Австрославизм до конца XIX в. оставался неотъемлемой частью национальных программ словенцев. Лишь разочарование в политике венского правительства в конце века по отношению к славянам и словенцам, в том числе, заставило наиболее радикальных словенских политиков искать возможности существования Словении как административного и политического целого вне пределов Габсбургской монархии или в независимой Югославии, или во всеславянской федерации». Поражение Австро-Венгрии в Первой мировой войне объективно усилили эти представления словенских интеллектуалов.
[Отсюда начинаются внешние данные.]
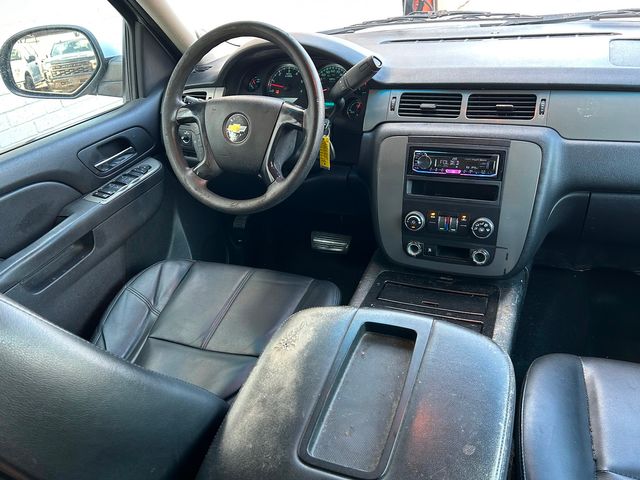 2010 Chevrolet Tahoe LS | Plano, TX | Schneck Motor Company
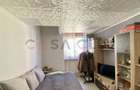 Apartament,cladire istorică, Zona Centrala!! - 4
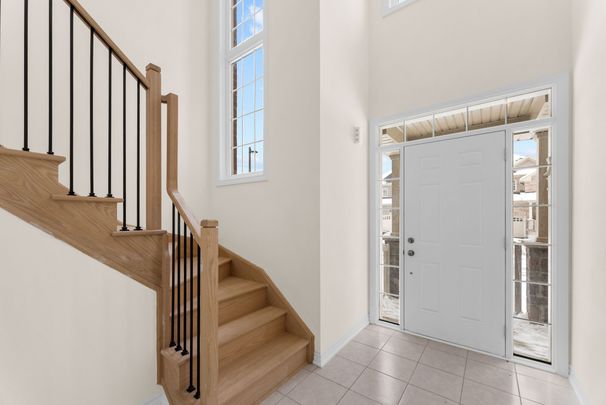 For Lease - 17 Jeanne Pynn Avenue, Georgina, Ontario - Photo 1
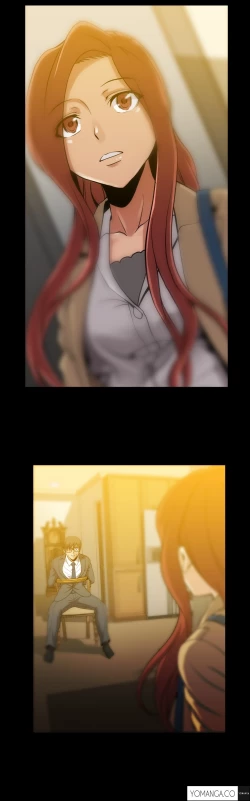 Page 1138 of Drug Candy Ch.0-44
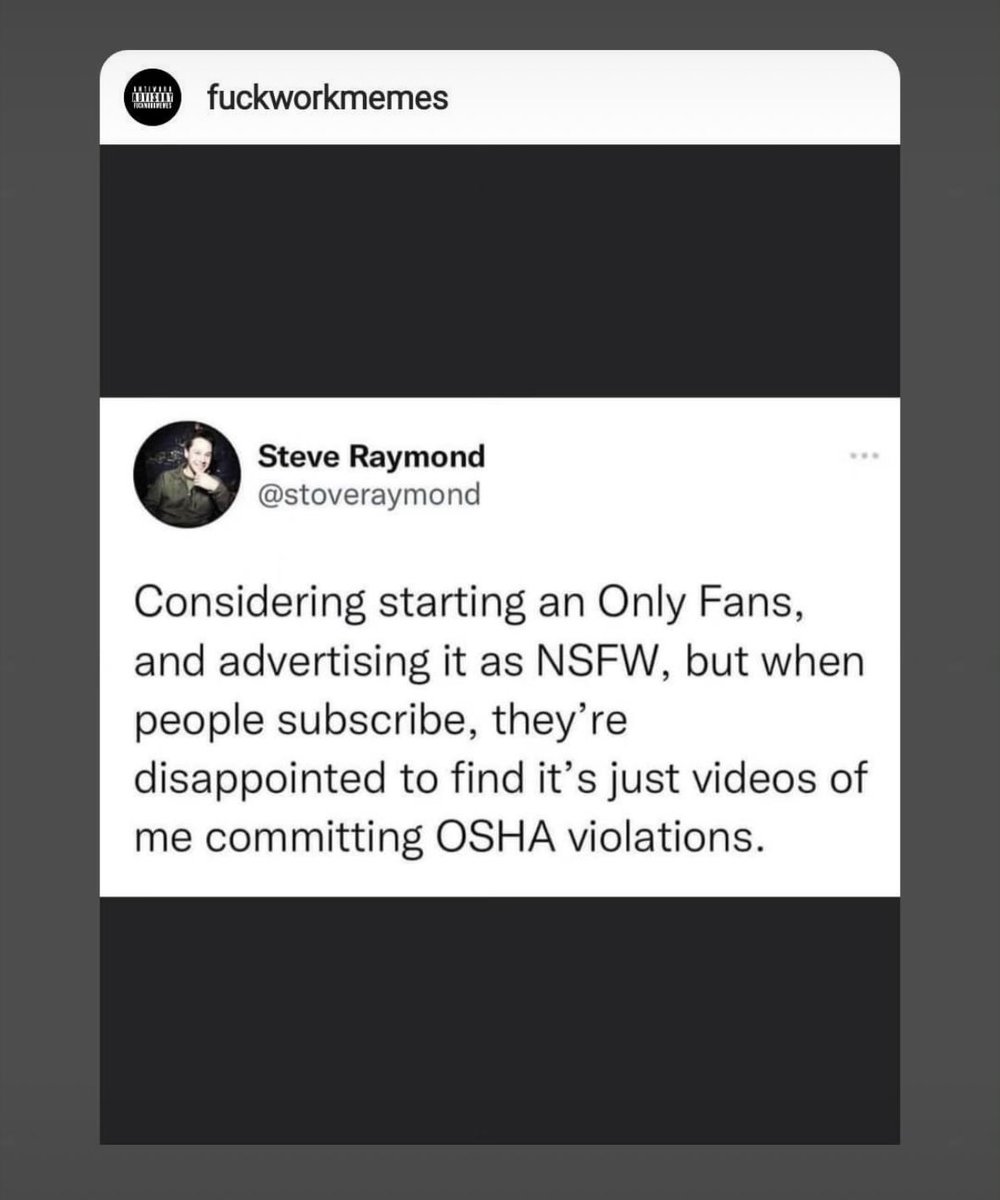 BlindSyd tweet media
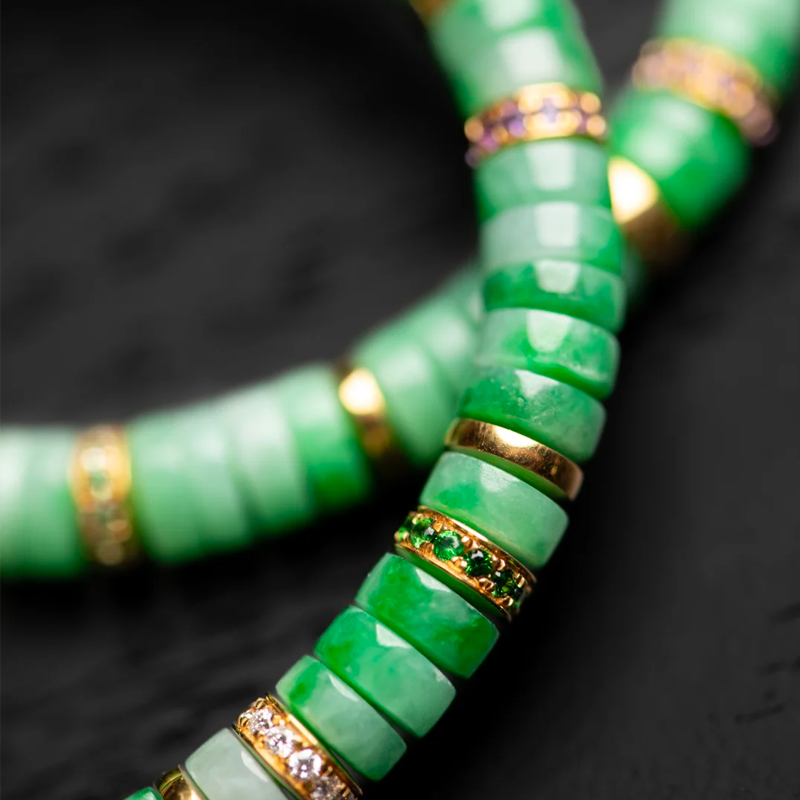 jadeite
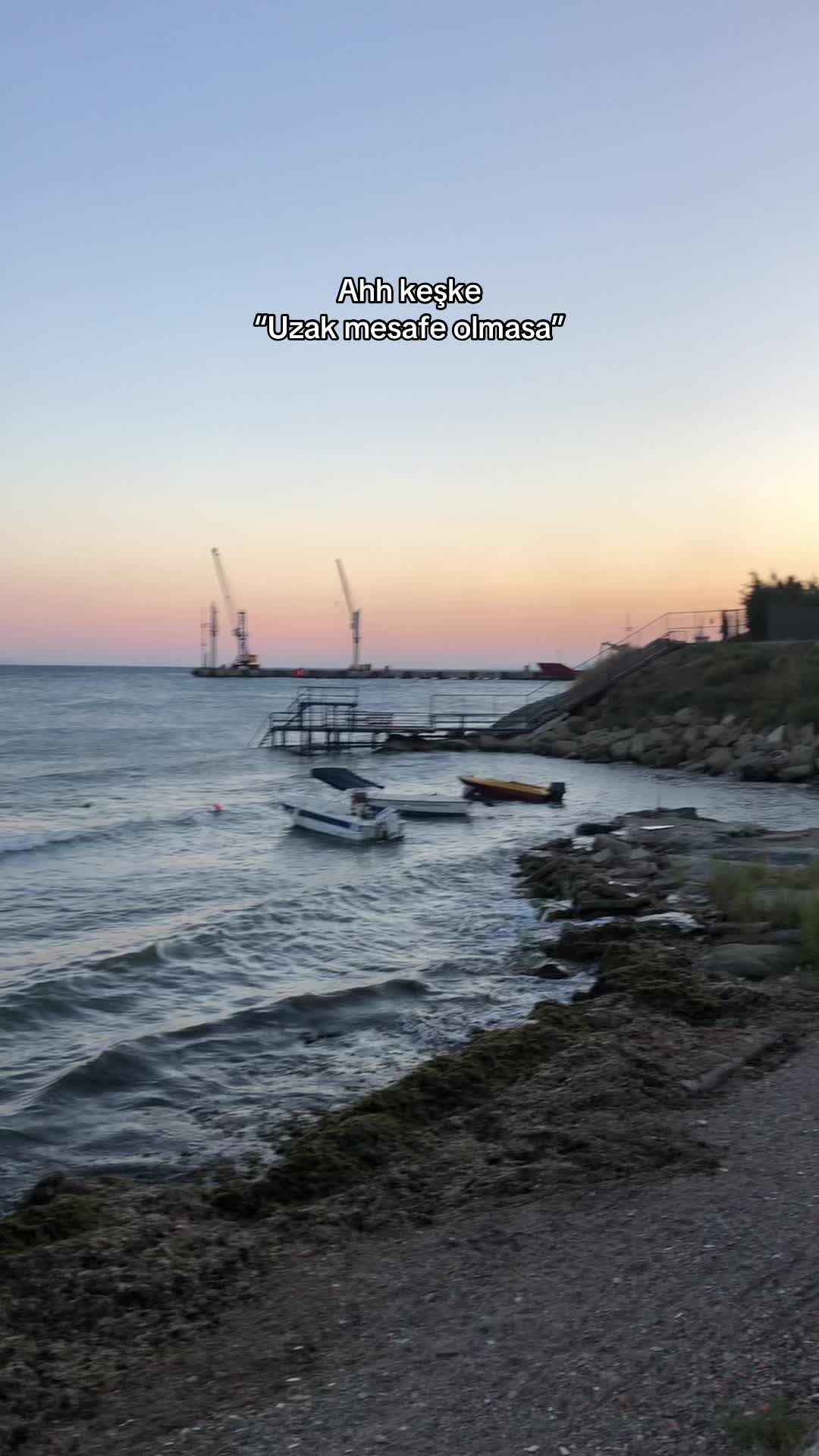 @𝓑𝓮𝔂𝔃𝓪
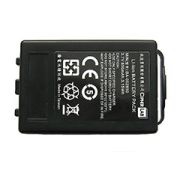 1661/1662/1663/1664 Li-Ion Battery (3.7V, 850мА) - Дополнительная аккумуляторная батарея для 1661/1662/1664 (3.7V, 850мА)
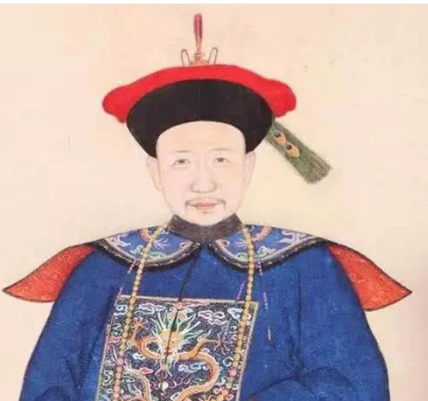 嘉庆皇帝处死和坤是因为什么?揭秘背后的深层原因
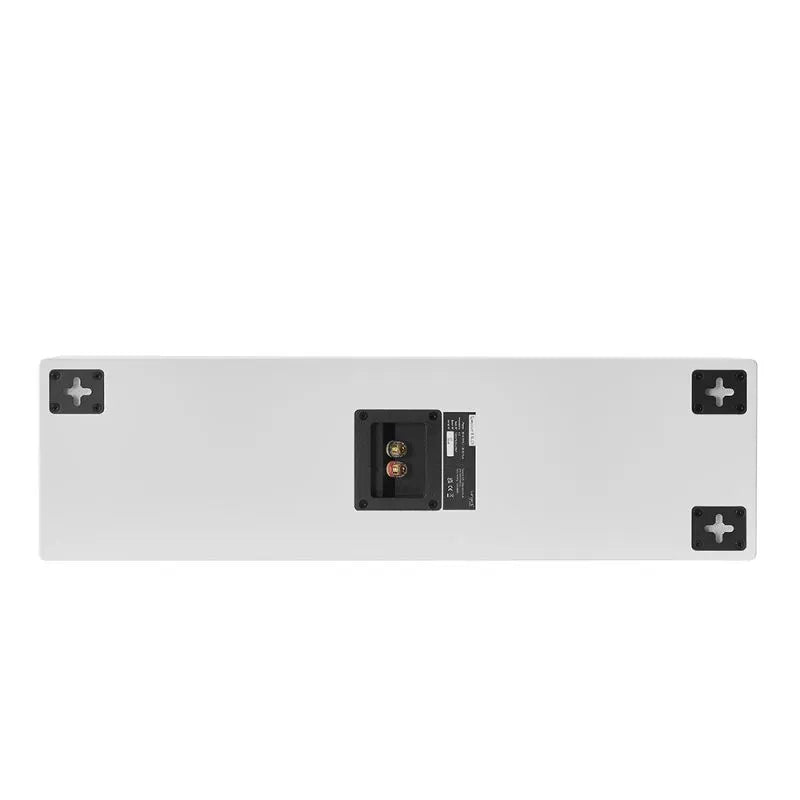 Tangent Spectrum II XLCR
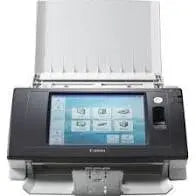Canon imageFORMULA Scanfront 300 Scanner Refurbished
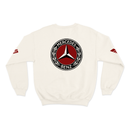 Moletom Equipe F1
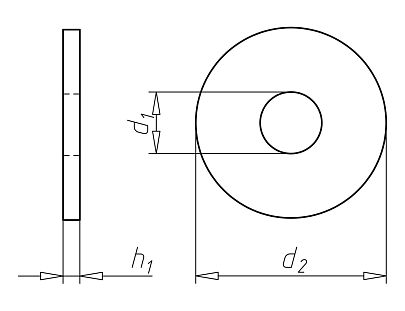 TechnicalDrawing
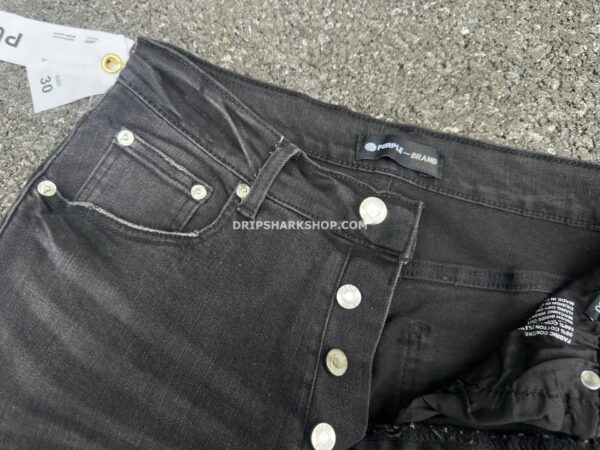 8d690582 Vaqueros Purple Brand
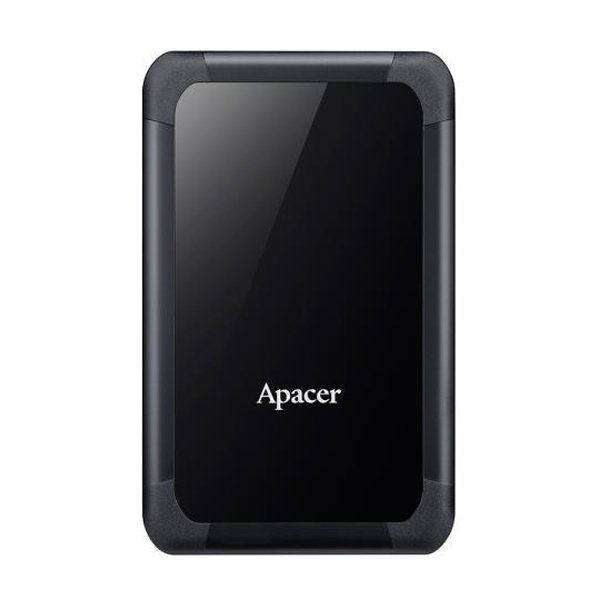 هارد اکسترنال اپیسر مدل AC532 ظرفیت 1 ترابایت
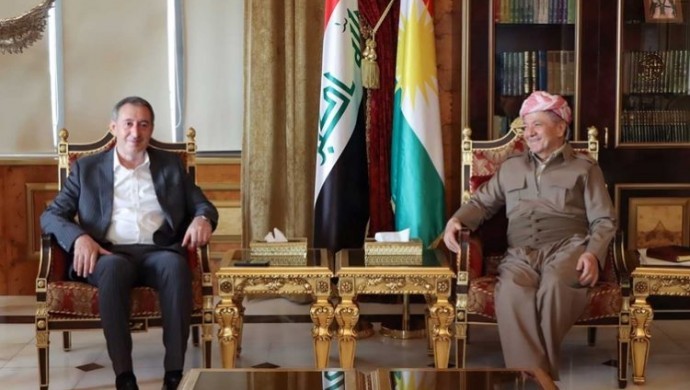 690x390cc-barzani-ocalan-gorusme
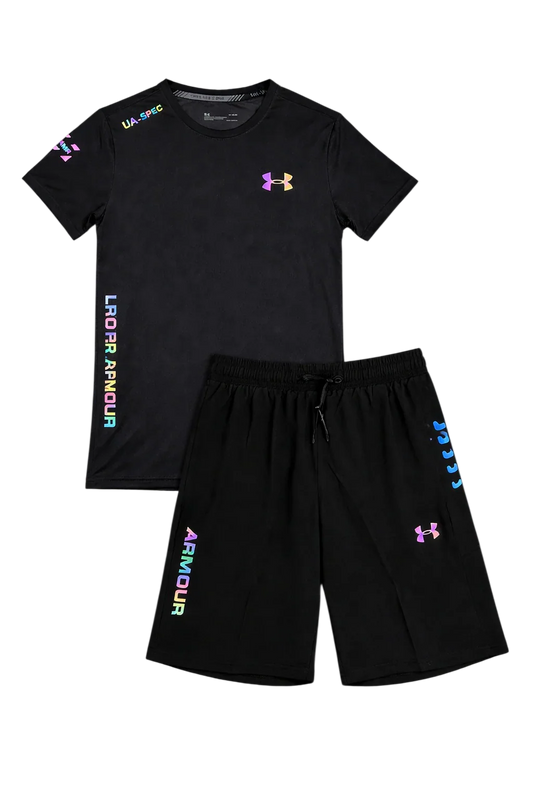 Under Armour CONCEPT FLUO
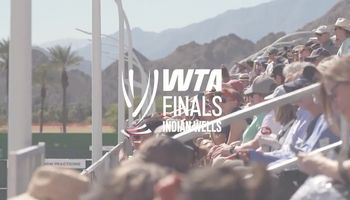 Sabalenka qualification V2 16x9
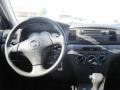 2006 Indigo Ink Pearl Toyota Corolla S  photo #12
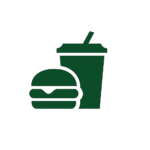 ChatGPT Image Mar 27, 2026, 11_13_34 AM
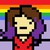:iconepicfriend:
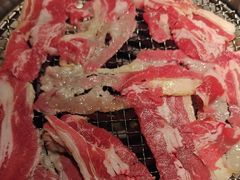 -火炉火自助餐(喜隆多店)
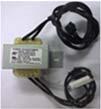 6A / 120 V for Firewall Tower Only EL 5003 A 31 ST 0059 L00 00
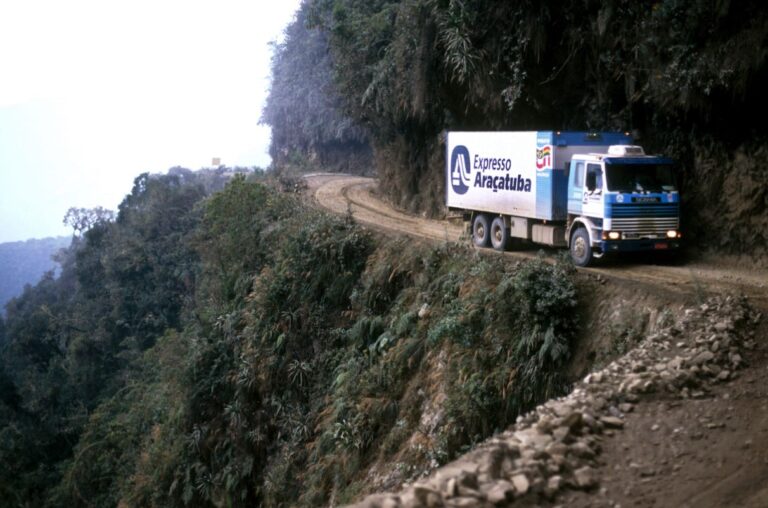 NTC&Logística, FuMTran e Família Dias de Castro comemoram 30 anos do Projeto Pacífico, marco do TRC nacional, com evento em São Paulo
Широкое распространение накануне Первой мировой войны в национальных программах всех словенских партий югославянских идей в разнообразных вариантах свидетельствует не столько о развитии национального самосознания, сколько о сложности измерения степени готовности обществ к формированию национальной государственности. Как отмечал Э. Хобсбаум, «национальная идея в формулировке ее официальных поборников не обязательно совпадает с истинным самоощущением соответствующих народов».

Еще одна причина сложности формирования национальной идентичности словенцев видится в отсутствии «образа» национального центра. Если для хорватов «образ центра (столицы)» был очевиден – Загреб, для сербов – Белград, то для словенцев центром являлась Вена. Фактически модель нации-государства как способ «преодолеть» империю в конце XIX – начале ХХ вв. серьезно рассматривалась только сербами и хорватами. Причем, первые в подавляющем большинстве, как уже отмечалось, считали национальное государство лишь стартовой площадкой к славянской империи, прообраз которой и был создан в социалистический период – ФНРЮ/СФРЮ, а мыслился еще шире – как Балканская федерация.